With a strategy in mind and a little help from maps printed at District  Hall, the couple mobilized troops and set out to fill the empty shelves.

“We needed to do something — so a seed of Hope was planted and we started the process of getting organized,” she said. “I put a note on the Hope Bulletin Facebook Page, and that’s when we truly found out what kind of people call Hope home — there was an outpouring of offers to help with the drive; so, with the logistics, maps, bags donated from Coopers and a group of youth to attach all 3,000 flyers to the bags, we began to see the spirit of the people shine.”

The entire community of Hope stepped up in a combined effort that resulted in the culmination of 8000 pounds of food donations and $2,000 in monetary contributions. The Shaughnessy’s plan to unite different neighbourhoods, conscript the scouts, the schools, the Fire Department, their Church and anybody with an extra pair of hands was wildly successful. The couple anticipated 20 per cent of their ideal quota and it was exceeded at an astounding 50 per cent. Mounds of bags crowded the 3rd avenue food bank location, as the donations kept pouring in.

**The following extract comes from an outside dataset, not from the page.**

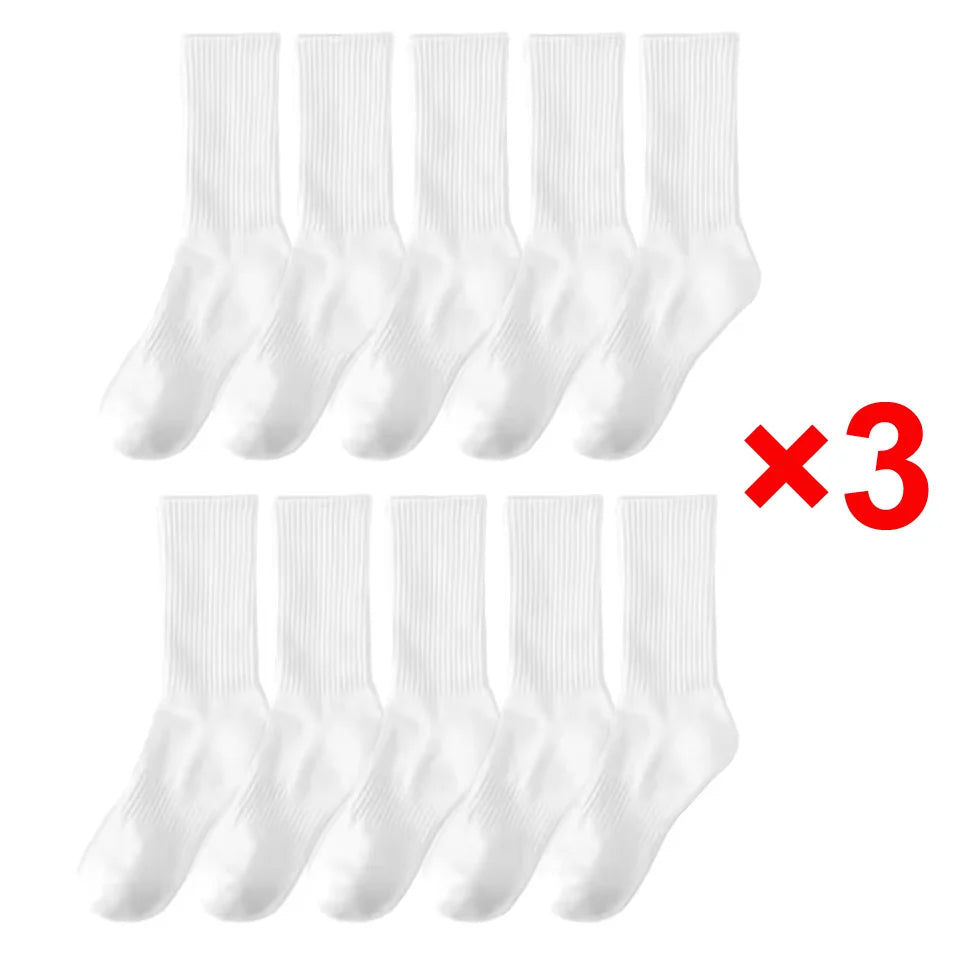 10/20/30Pairs Pure Cotton Men's High Socks Classic Black White Breathable Sweat-Absorbent Warm Elastic Sports Socks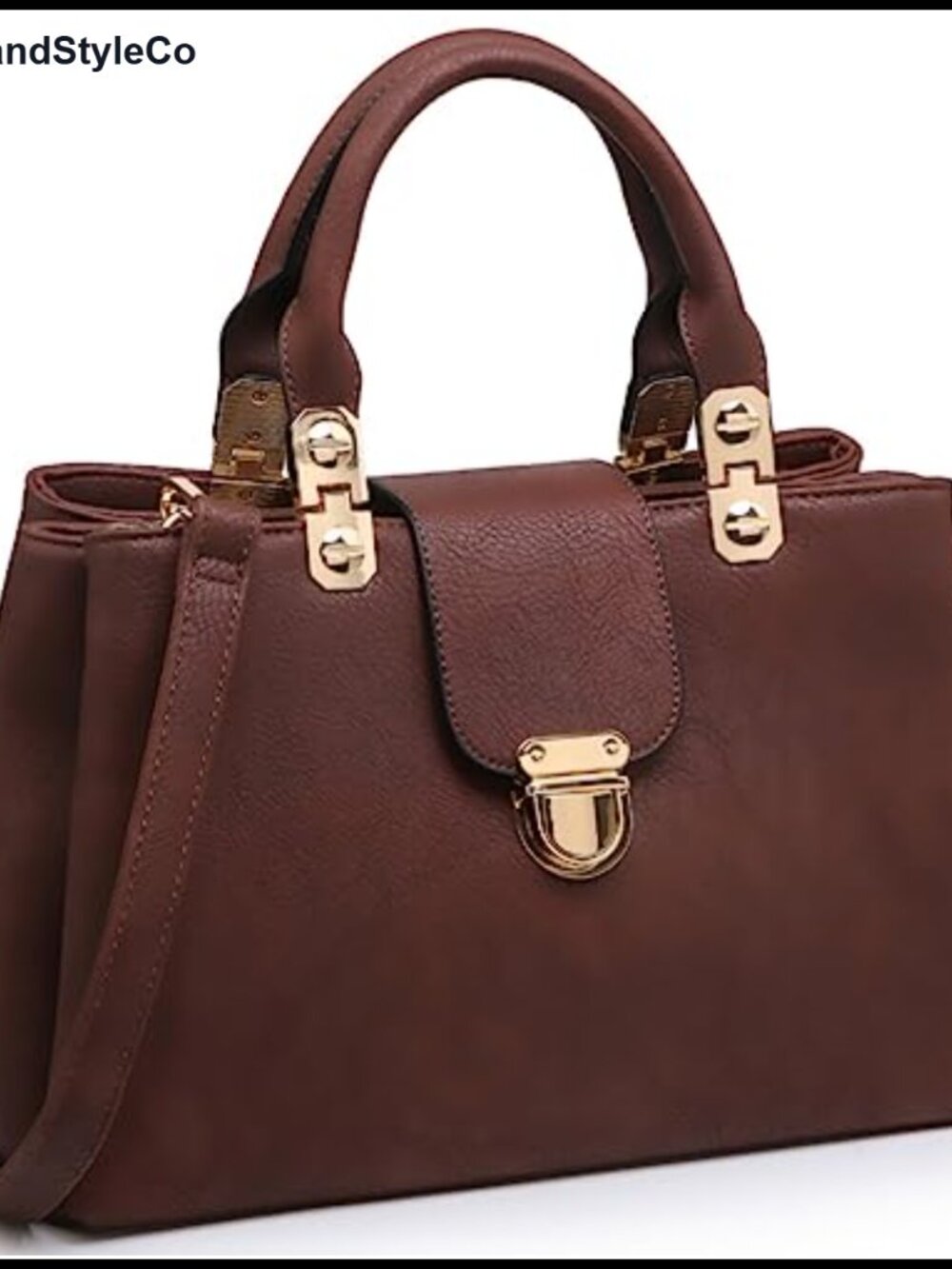 Vegan Leather Satchel Handbag with Top Handle and Detachable Shoulder Strap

“Keeping up with everything has been a challenge,” said Shaughnessy of the inpouring of goods and volunteer services.

Dedicated volunteers of all ages, tunneled relentlessly through piles upon piles of cans and goodies, pet food, tea and coffee to get the job done, in fact, they were still sorting late Thursday evening.

“We are ecstatic —it’s been heart warming to see,” said Hope Community Services Executive Director,” Michele Thornhill.